Implications and Future Directions
SOAR's analytical and architectural contributions provide several practical and theoretical implications:
- Enhanced Quantization Fidelity: By systematically minimizing both representation and hardware-induced scale errors, SOAR achieves high-accuracy quantization at 4-bit precision with no extra memory consumption or latency overhead, making it well-suited for efficient deployment on edge or data center hardware supporting NVFP4.
- Generalization Potential: The decoupled scale search mechanism is broadly applicable to other microscaling quantization formats or quantization-aware training scenarios, positioning SOAR as a foundation for further algorithm-hardware co-design.
- Synergy with Calibration-Aware Methods: Although calibration-free by design, SOAR is compatible with data-driven quantization frameworks (e.g., GPTQ), suggesting future research directions combining analytical scale optimization with calibration-data-induced channel weighting.
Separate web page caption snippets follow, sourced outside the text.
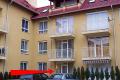 AAA Apartment 1, 1 apartman 4 férőhely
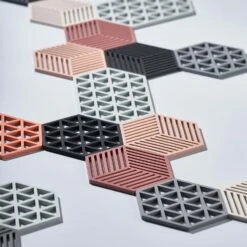 Zone Denmark Triangle Trivet Small, Black 5 Zone Denmark Triangle Trivet Small, Black -Default Template 4 zone denmark triangles trivet nordic sky 8 2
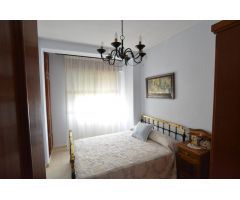 Casa en Venta en Malagón, Ciudad Real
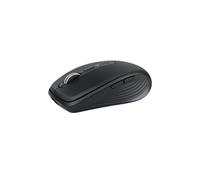 SANS FIL BLUETOOTH MX ANYWHERE 3 GRAPHITE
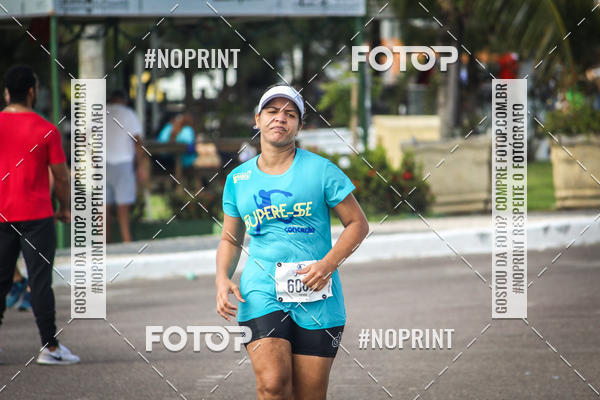 Buy your photos of the eventMeia da Conceio 2018 on Fotop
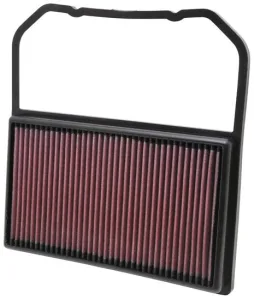 K&N Filtre à air de remplacement 33-2994, référence 33-2994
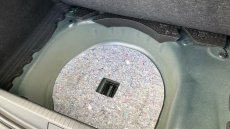 Vauxhall Corsa 1.2 SE Edition 5dr Petrol Hatchback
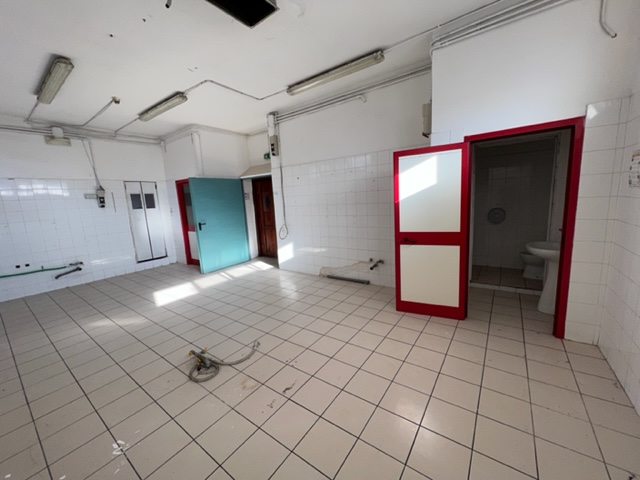 <span  class="uc_style_uc_tiles_grid_image_elementor_uc_items_attribute_title" style="color:#ffffff;">22532.jpg</span>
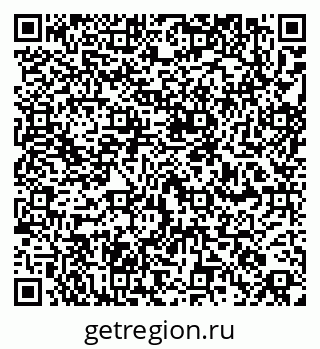 79260879967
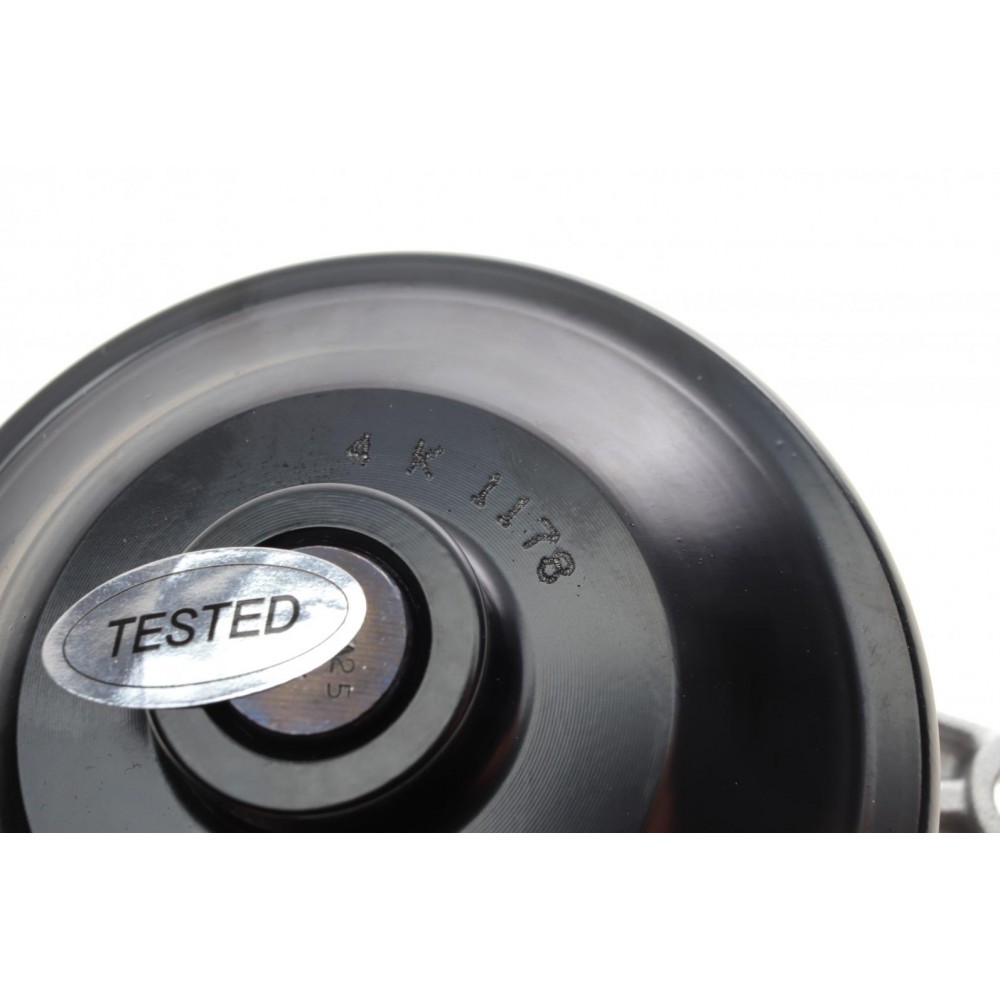 Помпа води BMW 3 (F30/F80/F34)/4 (F36/F33/F83)/5 (F10/F07/F11) 3.0D 10- (N57)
- Extension to Activation-Aware Objectives: Future developments may further integrate layerwise output distortion minimization using calibration activations as auxiliary objectives, enabling activation-aware scale optimization for even higher downstream task fidelity.
Conclusion
SOAR provides a mathematically principled and practically efficient framework for NVFP4 quantization, integrating closed-form analytical scaling and hardware-constrained scale search to systematically reduce quantization errors. The demonstrated generality across LLM architectures and compatibility with established PTQ frameworks underscores SOAR's utility both as a drop-in post-training solution and as a platform for future innovation in precision-efficient model deployment.